Die rumänische Presse weist bei aller Euphorie darauf hin, dass Herta Müller nicht ein einziges Mal von rumänischer Seite für den Nobelpreis nominiert wurde, aber bereits mehrmals von deutscher. Claudia Candet nennt ihren Artikel in der Ziua de Constanţa Mit der Faust auf der Brust wegen etwas, das uns nicht gehört.
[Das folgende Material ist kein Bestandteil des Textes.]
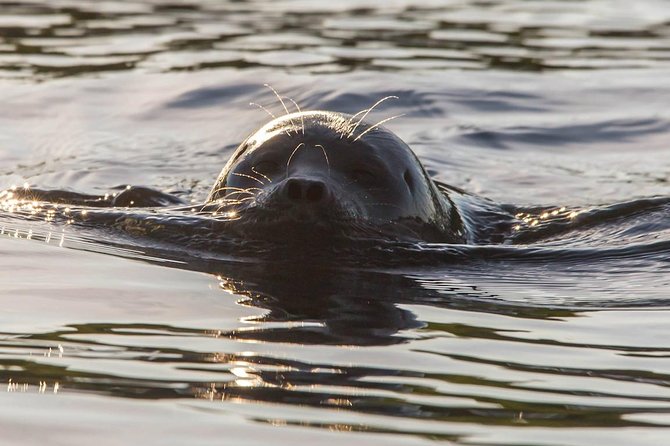 Cruise in Puumala by Lake Saimaa - Key points at a glance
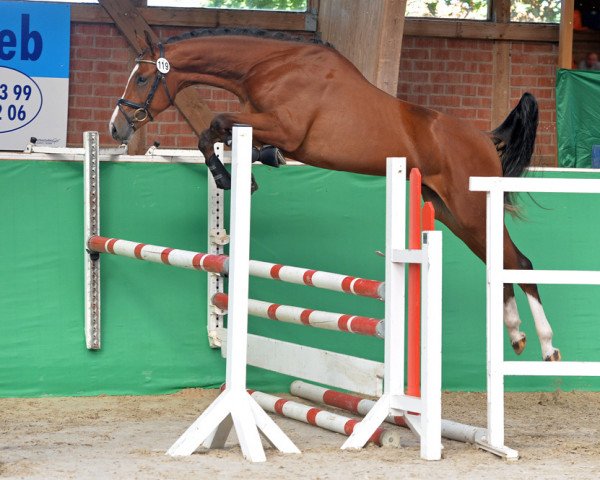 Pferd Quickly de Ciaco (Deutsches Sportpferd, 2016, von Quickly de Kreisker)
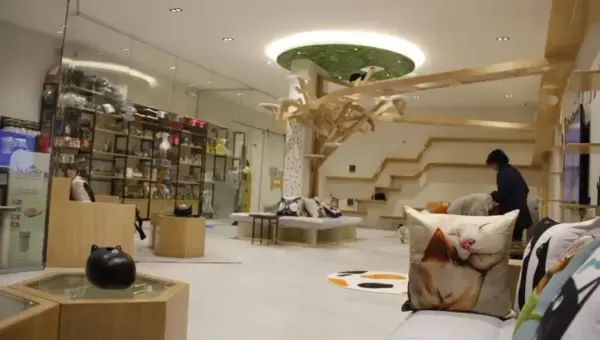 L&rsquo;Arabie Saoudite ouvre un hôtel 5 étoiles pour s&rsquo;occuper des chats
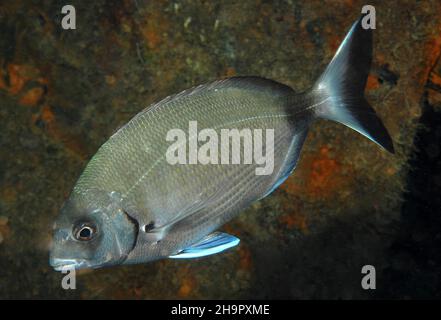 Primo piano del mare anulare (Diplodus anularis), Mar Mediterraneo, Sicilia, Italia Foto Stock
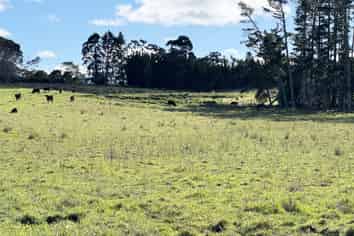 11 Bobs Way, Dairy Flat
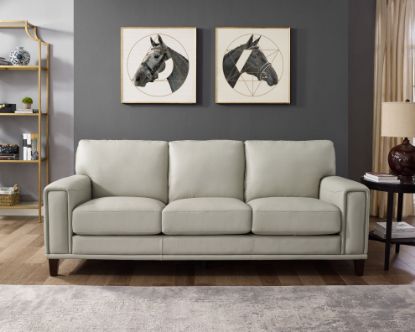 Picture of Hayward Modern Top Grain Leather Sofa (Open Box)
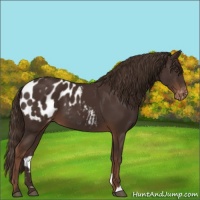 Horse Color:Liver Chestnut Appaloosa 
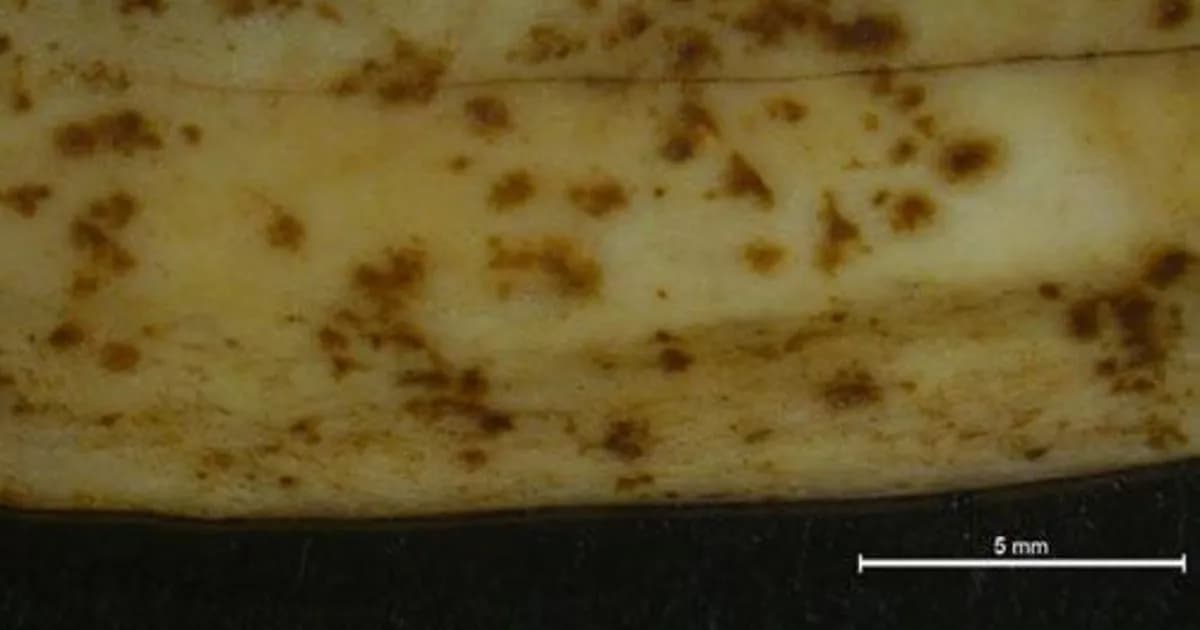 Investigación revela cómo las raíces de plantas marcan los huesos en yacimientos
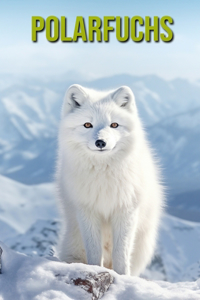 Polarfuchs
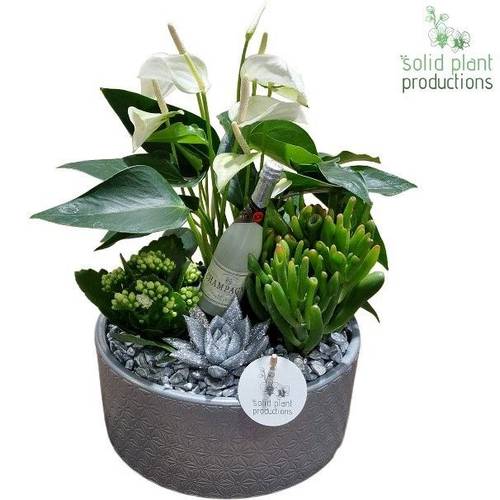 Anth.Arr AE004 Silver Silvester T22 H042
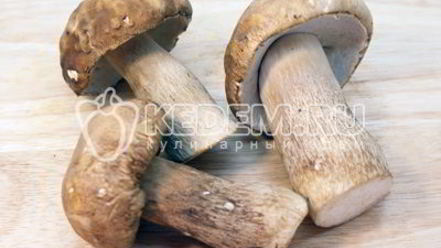 Рецепт фаршированных блинов с сыром и грибами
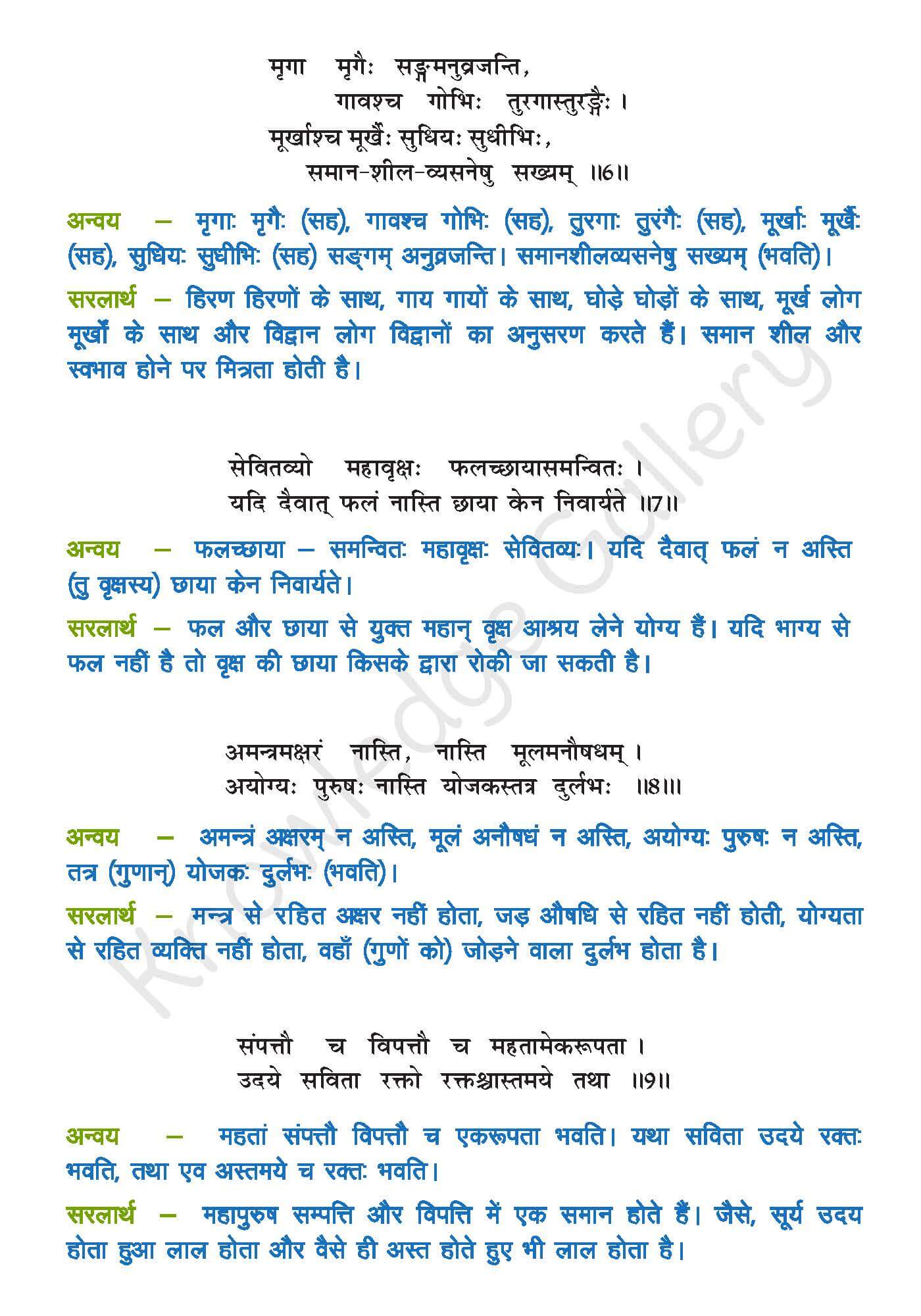 class-10-sanskrit-chapter-5-hindi-translation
„Die meisten Vertreter rumänischer Kultur traten mit immer pompöseren Erklärungen über den besonderen Verdienst der rumänischen Autorin ins Rampenlicht. Ganz plötzlich war Herta Müller bekannt, geschätzt und gelobt von denjenigen, die sie noch vor 22 Jahren verleugneten. Ungeniert gegenüber ihr, der die Anerkennung für 20 Jahre literarische Arbeit gebühren müsste, hat man sich in Erklärungen gegenseitig überholt. Über die internationale Anerkennung für eine derartige Auszeichnung […]“. (Zitiert und übersetzt von hier)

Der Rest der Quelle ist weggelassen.